### [Task]
Could you output, word for word, only the lines from the line with "ABEEL För Huawei" to the end of the entries, including both ends? Omit the pictures.

### [Data listing]
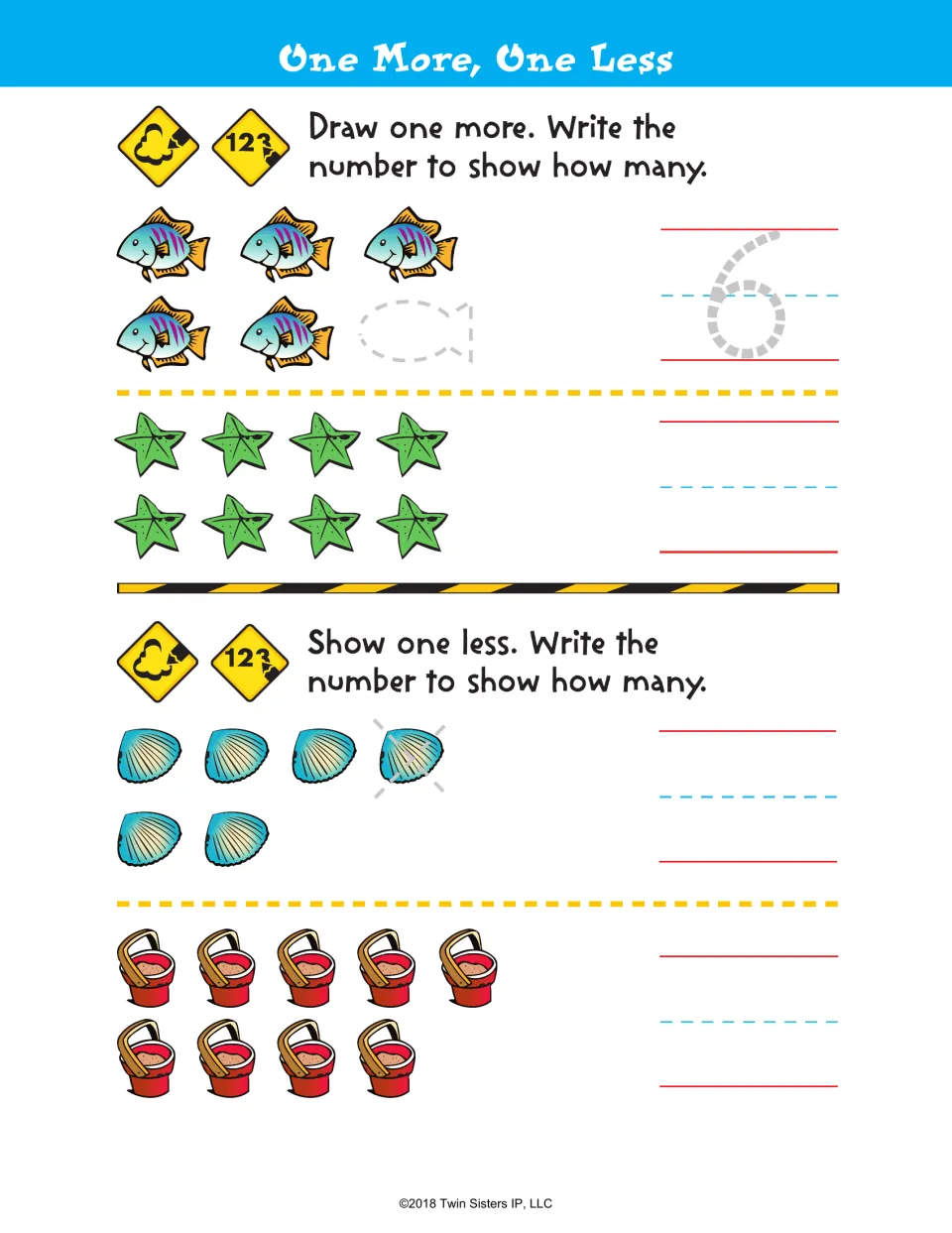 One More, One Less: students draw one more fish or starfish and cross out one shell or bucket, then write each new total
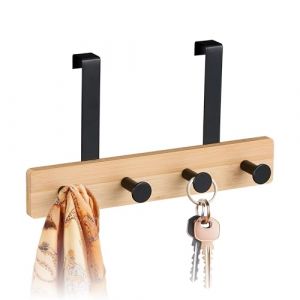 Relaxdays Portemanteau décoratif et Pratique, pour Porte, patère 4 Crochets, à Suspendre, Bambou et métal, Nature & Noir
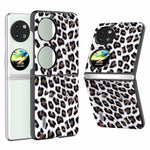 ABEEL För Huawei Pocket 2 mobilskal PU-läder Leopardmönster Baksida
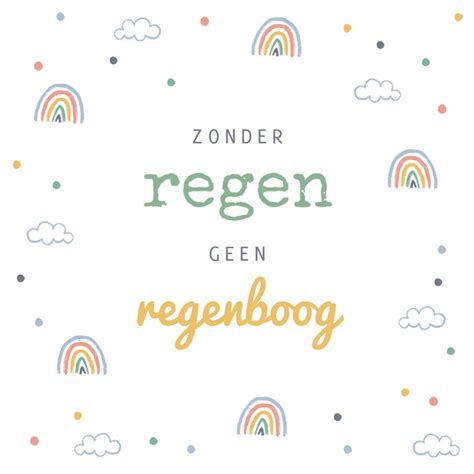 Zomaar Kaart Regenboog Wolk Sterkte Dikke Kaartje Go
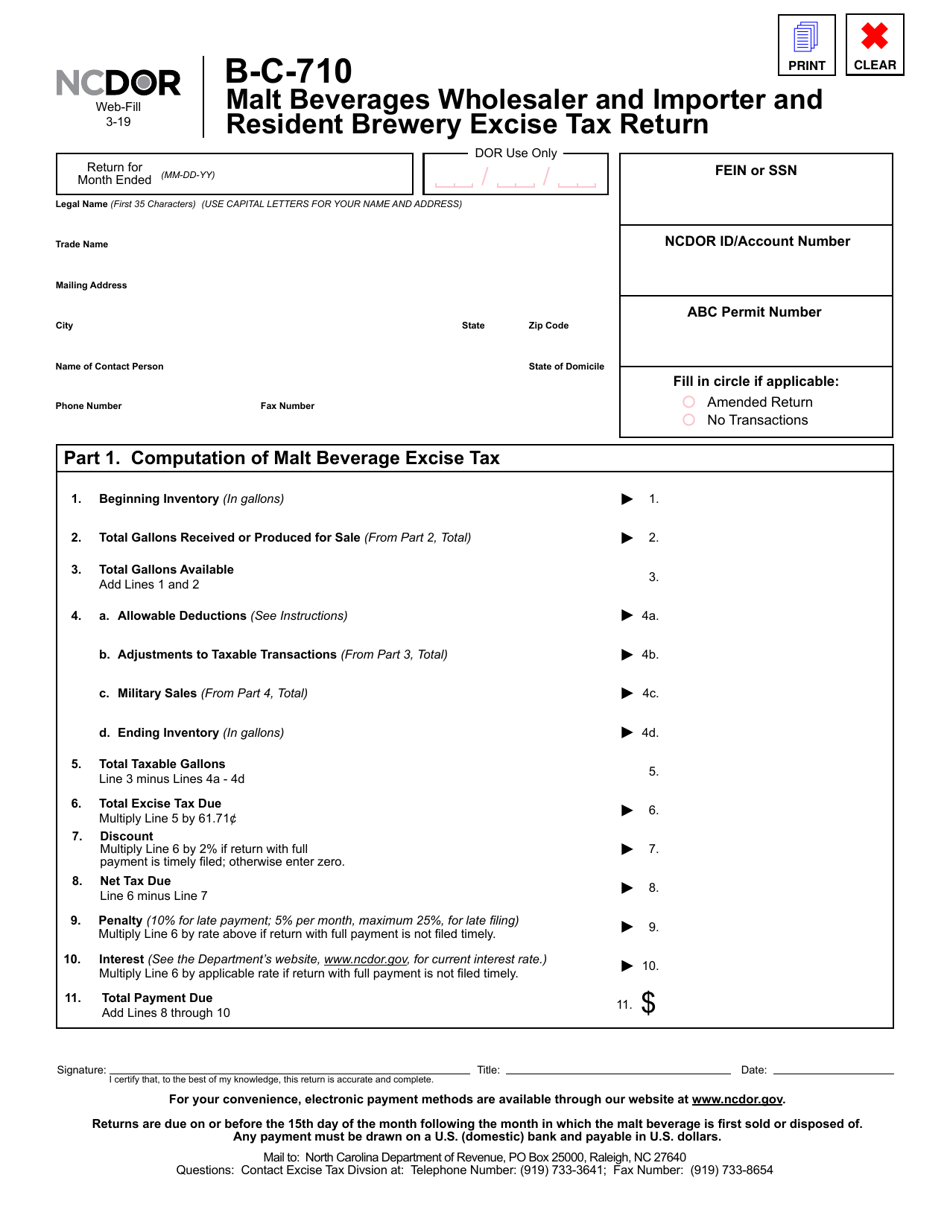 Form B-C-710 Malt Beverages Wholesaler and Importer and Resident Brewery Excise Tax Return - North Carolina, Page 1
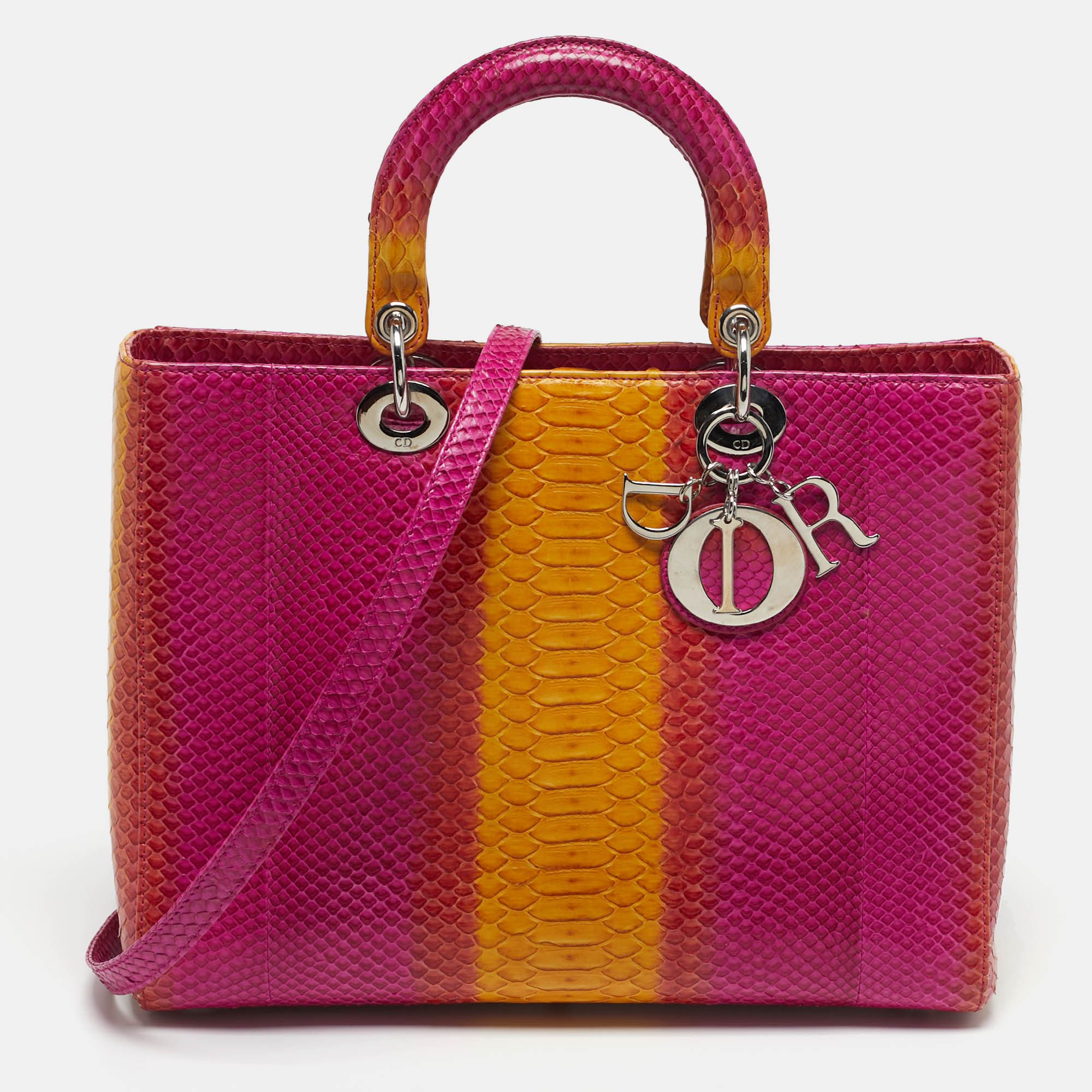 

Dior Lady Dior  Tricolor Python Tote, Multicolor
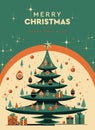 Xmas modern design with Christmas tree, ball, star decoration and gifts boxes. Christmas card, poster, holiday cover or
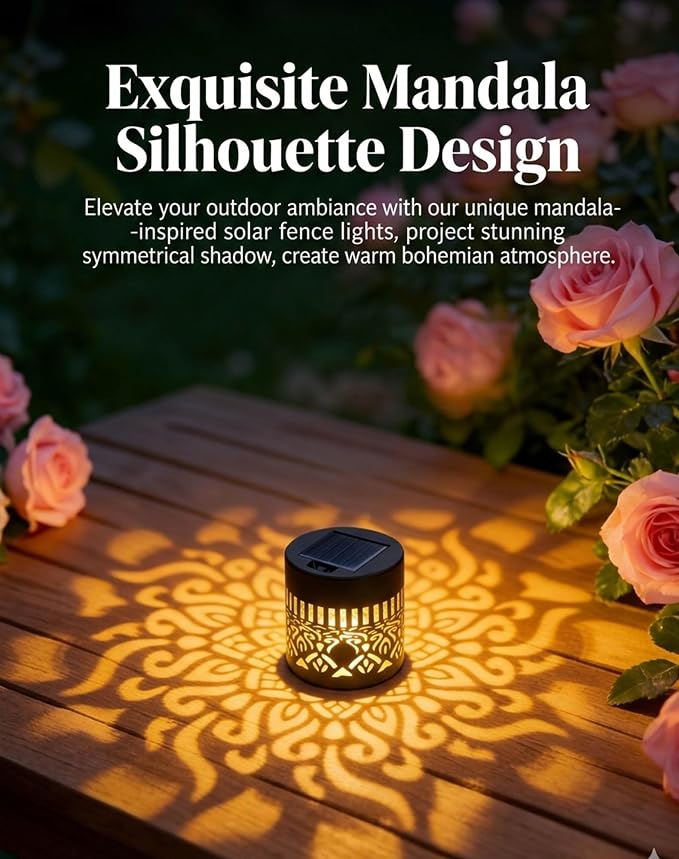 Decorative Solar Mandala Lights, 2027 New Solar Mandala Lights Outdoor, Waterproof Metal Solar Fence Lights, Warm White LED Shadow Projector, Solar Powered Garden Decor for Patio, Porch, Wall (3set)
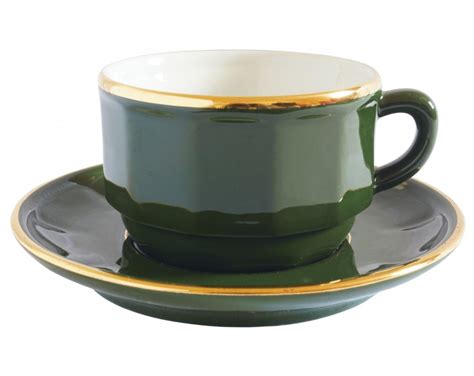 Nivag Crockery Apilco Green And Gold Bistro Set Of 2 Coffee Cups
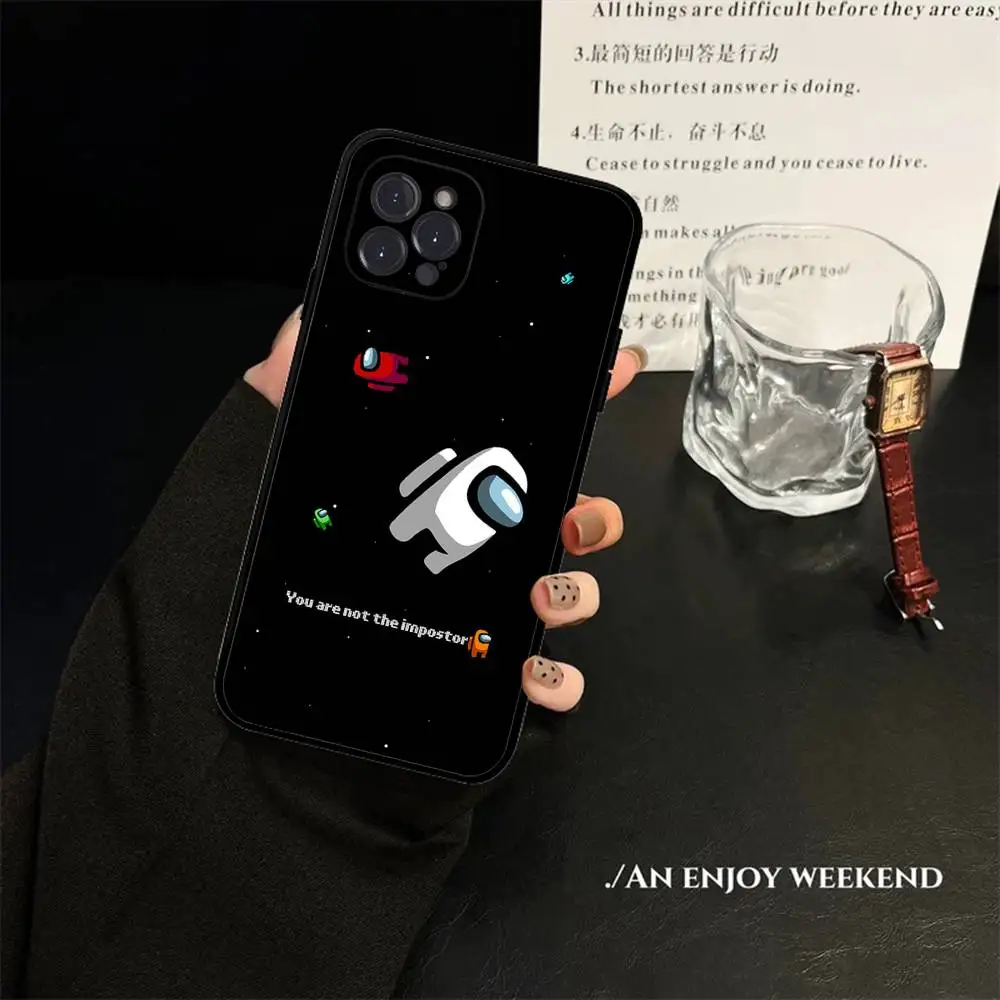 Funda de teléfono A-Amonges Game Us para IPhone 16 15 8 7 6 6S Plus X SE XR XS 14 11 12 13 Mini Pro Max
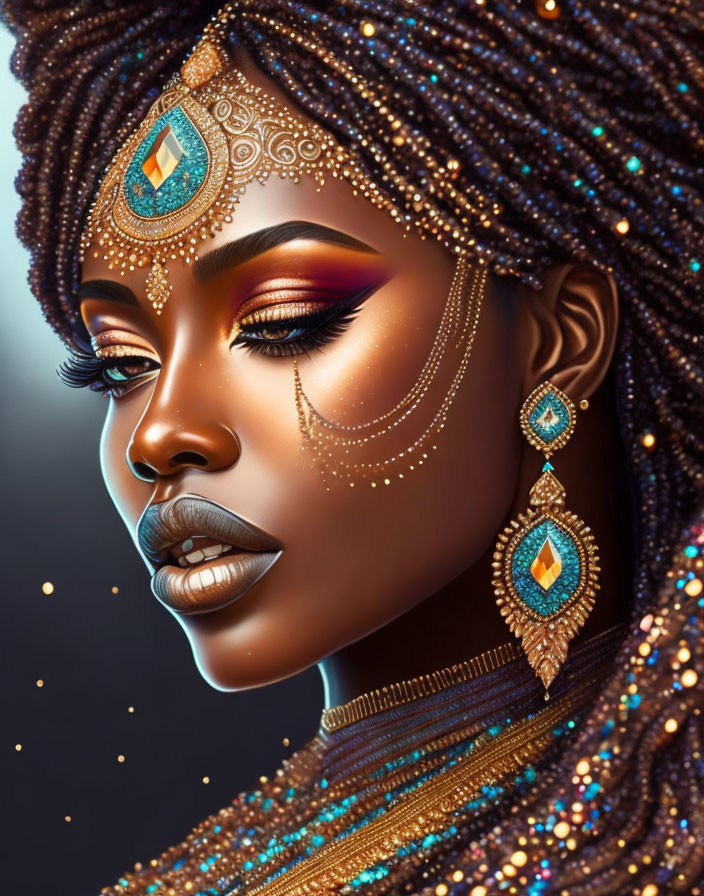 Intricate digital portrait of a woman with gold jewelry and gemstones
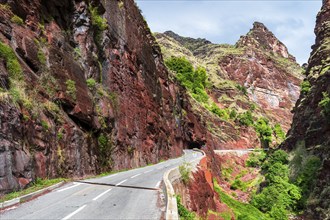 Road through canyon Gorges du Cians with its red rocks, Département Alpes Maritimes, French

### [Answer below]
 ABEEL För Huawei Pocket 2 mobilskal PU-läder Leopardmönster Baksida
 Zomaar Kaart Regenboog Wolk Sterkte Dikke Kaartje Go
 Form B-C-710 Malt Beverages Wholesaler and Importer and Resident Brewery Excise Tax Return - North Carolina, Page 1

Dior Lady Dior  Tricolor Python Tote, Multicolor
 Xmas modern design with Christmas tree, ball, star decoration and gifts boxes. Christmas card, poster, holiday cover or
 Decorative Solar Mandala Lights, 2027 New Solar Mandala Lights Outdoor, Waterproof Metal Solar Fence Lights, Warm White LED Shadow Projector, Solar Powered Garden Decor for Patio, Porch, Wall (3set)
 Nivag Crockery Apilco Green And Gold Bistro Set Of 2 Coffee Cups
 Funda de teléfono A-Amonges Game Us para IPhone 16 15 8 7 6 6S Plus X SE XR XS 14 11 12 13 Mini Pro Max
 Intricate digital portrait of a woman with gold jewelry and gemstones
 Road through canyon Gorges du Cians with its red rocks, Département Alpes Maritimes, French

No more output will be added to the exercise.